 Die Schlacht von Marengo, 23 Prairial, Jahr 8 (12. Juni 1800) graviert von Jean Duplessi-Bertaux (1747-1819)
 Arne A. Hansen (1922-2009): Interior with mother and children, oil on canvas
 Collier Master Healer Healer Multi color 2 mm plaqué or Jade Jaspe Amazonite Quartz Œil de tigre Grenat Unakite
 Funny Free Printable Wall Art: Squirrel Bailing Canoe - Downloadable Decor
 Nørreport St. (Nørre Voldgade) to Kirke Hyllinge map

********

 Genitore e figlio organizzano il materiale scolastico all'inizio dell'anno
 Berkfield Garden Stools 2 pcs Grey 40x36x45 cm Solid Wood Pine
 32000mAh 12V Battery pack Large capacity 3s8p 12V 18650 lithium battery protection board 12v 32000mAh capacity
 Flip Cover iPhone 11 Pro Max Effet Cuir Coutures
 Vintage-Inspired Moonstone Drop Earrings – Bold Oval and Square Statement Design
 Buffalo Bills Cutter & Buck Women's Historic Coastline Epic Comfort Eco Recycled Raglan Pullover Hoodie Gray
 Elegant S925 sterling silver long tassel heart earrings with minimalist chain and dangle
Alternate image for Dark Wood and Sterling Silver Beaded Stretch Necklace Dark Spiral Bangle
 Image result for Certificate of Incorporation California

********

Requirement — Output exactly one stretch of the listing: from the line containing "Die Schlacht von" through the line containing "Nørreport St. (Nørre", both end lines included.

Finished exercise —
 Die Schlacht von Marengo, 23 Prairial, Jahr 8 (12. Juni 1800) graviert von Jean Duplessi-Bertaux (1747-1819)
 Arne A. Hansen (1922-2009): Interior with mother and children, oil on canvas
 Collier Master Healer Healer Multi color 2 mm plaqué or Jade Jaspe Amazonite Quartz Œil de tigre Grenat Unakite
 Funny Free Printable Wall Art: Squirrel Bailing Canoe - Downloadable Decor
 Nørreport St. (Nørre Voldgade) to Kirke Hyllinge map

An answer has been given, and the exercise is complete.